- MATERIAL TO PROCESS -
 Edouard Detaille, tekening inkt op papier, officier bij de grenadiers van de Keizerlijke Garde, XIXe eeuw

==

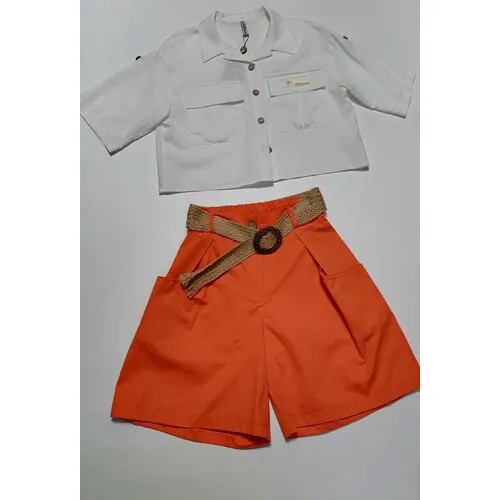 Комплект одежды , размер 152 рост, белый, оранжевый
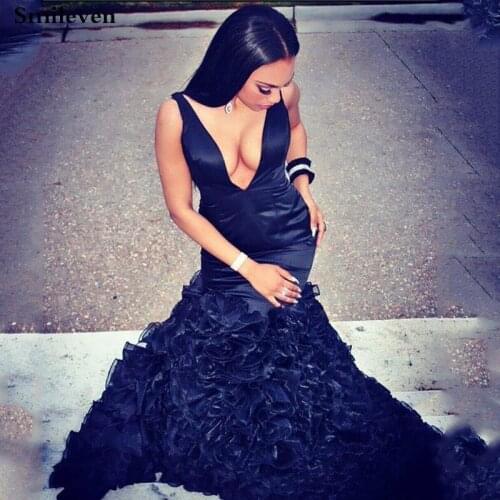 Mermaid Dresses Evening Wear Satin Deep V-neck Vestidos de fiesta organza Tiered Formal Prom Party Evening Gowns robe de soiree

- TASK PROMPT -
Although the records above contain pictures, the copy should not; retype exactly the lines from the one containing "Комплект одежды , размер" through the one containing "Mermaid Dresses Evening".

- ANSWER -
 Комплект одежды , размер 152 рост, белый, оранжевый
 Mermaid Dresses Evening Wear Satin Deep V-neck Vestidos de fiesta organza Tiered Formal Prom Party Evening Gowns robe de soiree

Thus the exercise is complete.